Ketika China mengimplementasikan kebijakan satu anak pada 1979, pemerintah mengharap bahwa pejabat perencanaan keluarga di daerah akan menerapkannya.
Namun melaksanakan kebijakan tersebut di pedesaan merupakan suatu hal yang sulit, di mana aparat desa biasanya memiliki kedekatan dengan anggota komunitas.
Kennedy yang melakukan penelitian di China dalam jangka waktu panjang, menemukan bahwa dalam banyak kasus, aparat desa menutup mata jika ada masyarakat yang melanggar kebijakan tersebut.
Aparat akan membiarkan mereka tidak melaporkannya untuk tetap menjaga hubungan baik dengan warga desa.
Kennedy mengatakan bahwa pemerintah China melonggarkan kebijakan satu anak di wilayah pedesaan pada 1980-an, di mana memperbolehkan warganya untuk memiliki anak kedua jika anak pertama merupakan perempuan.
Namun pada 1990-an, Kennedy menemukan bahwa longgarnya penegakan kebijakan membuat keluarga di daerah pedesaan untuk melanggarnya.
Seorang petani yang berbicara kepada Kennedy, memberinya petunjuk ketika ia memperkenalkan putri sulung dan anak laki-lakinya, namun tidak menyebutkan anak keduanya.
"Ia mengatakan kepada kami bahwa putri pertamanya terdaftar, tapi ketika anak kedua mereka yang berjenis kelamin perempuan lahir, mereka tidak mendaftarkannya dan menunggu untuk memiliki anak lainnya.
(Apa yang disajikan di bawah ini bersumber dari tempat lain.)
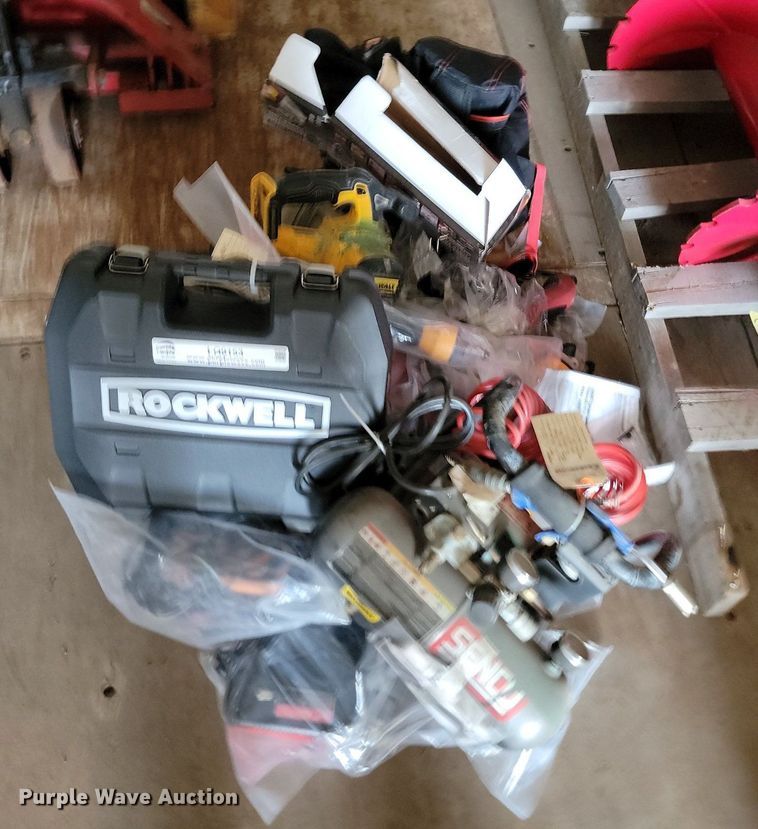 image for item LQ9153 Tools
Anak ketiga berjenis kelamin laki-laki. Mereka mendaftarkannya sebagai anak kedua," kata Kennedy.
Untuk menambahkan hasil observasinya, tim peneliti Kennedy mengumpulkan data dengan melakukan wawancara warga di pedesaan China.
Rekan penulis Shi Yaojiang, seorang profesor ekonomi di Shaanxi Normal University, menganalisa data populasi masyarakat China selama periode 25 tahun.
Penelitian itu menemukan, meski keluarga tidak mendaftarkan anak perempuan sesaat setelah lahir, namun biasanya mereka akan melaporkannya saat anak tersebut telah berusia 10 hingga 20 tahun.
Ketika peneliti membandingkan angka kelahiran anak pada 1990 dengan jumlah perempuan dan laki-laki China pada 2010, mereka menemukan penambahan empat juta orang. Dari data tersebut, ada sekitar satu juta perempuan lebih banyak daripada laki-laki.
Pada Oktober 2015, China menghapus kebijakan satu anak di tengah kekhawatiran ekonomi dan penuaan populasi.
Tiongkok merupakan negara yang dikenal dengan ketidakseimbangan gender. Para analis memprediksi sekitar 24 juta laki-laki China kesulitan untuk mencari istri--karena kurangnya jumlah perempuan.